THE TASK
Starting at the line that contains "Waterproof Backpack", reproduce every line through the end of the entries below, with no pictures in the copy.

-*-*-

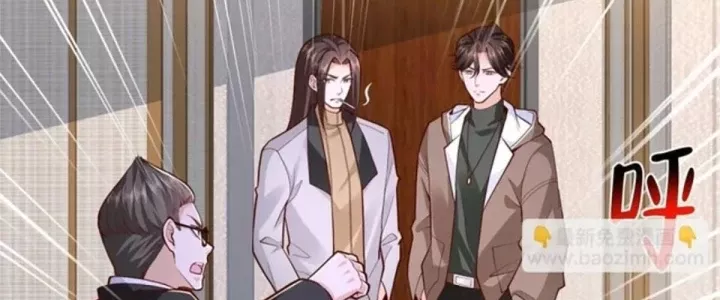 Mỗi Tuần Ta Có Một Nghề Nghiệp Mới Chapter 860 - Trang 2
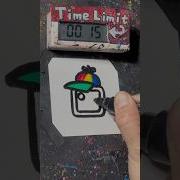 Mr Fun Computer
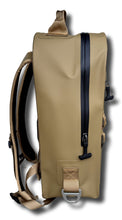 Waterproof Backpack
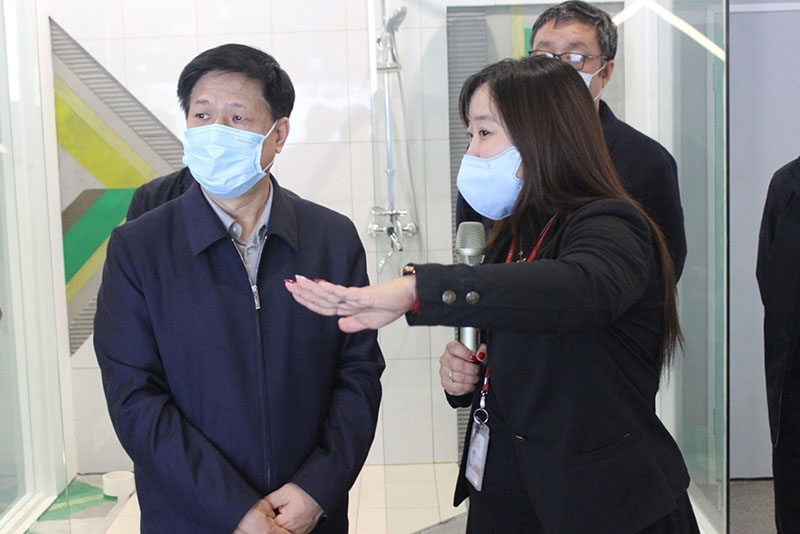 Z6·尊龙「中国」官方网站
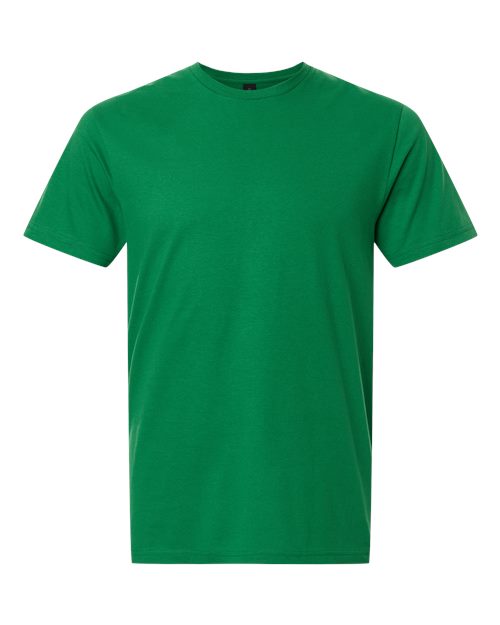 Gildan Unisex Softstyle® T-Shirt 64000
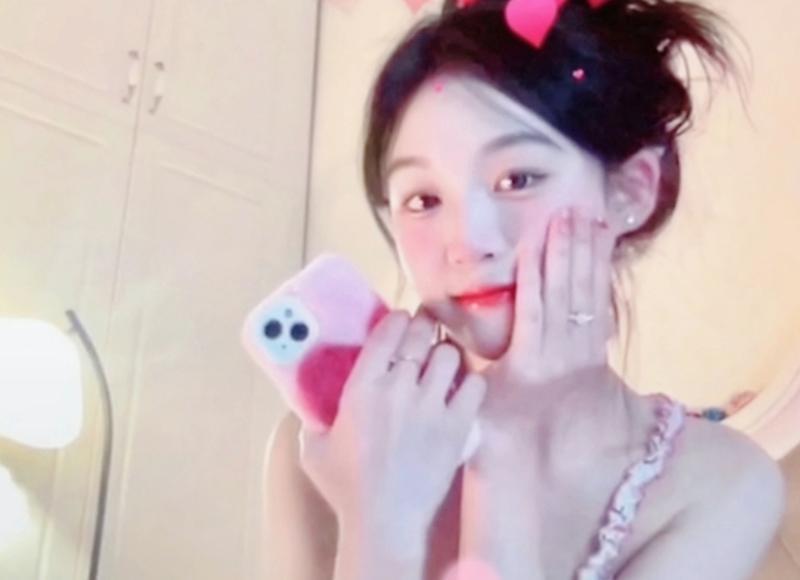 好久没做了怎么样才能控制时间 房事时间应该怎么控制好 好久没做了怎么样才能控制时间 房事时间应该怎么控制好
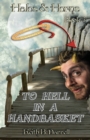 To Hell in a Handbasket - Book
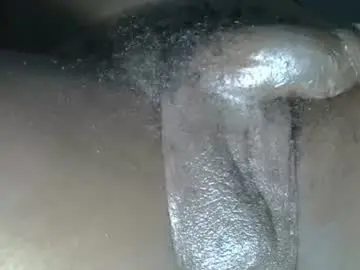Chaturbate Private Sex Chat of dadyschlong
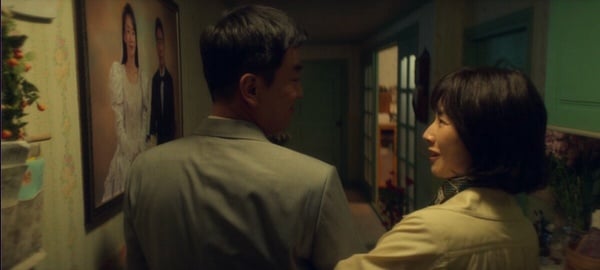 《Moving異能》6個劇情沒提的細節!翻車魚象徵九龍浦,美賢炸豬排竟刻意做得不好吃?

-*-*-

RESULT
 Waterproof Backpack
 Z6·尊龙「中国」官方网站
 Gildan Unisex Softstyle® T-Shirt 64000
 好久没做了怎么样才能控制时间 房事时间应该怎么控制好 好久没做了怎么样才能控制时间 房事时间应该怎么控制好
 To Hell in a Handbasket - Book
Chaturbate Private Sex Chat of dadyschlong
 《Moving異能》6個劇情沒提的細節!翻車魚象徵九龍浦,美賢炸豬排竟刻意做得不好吃?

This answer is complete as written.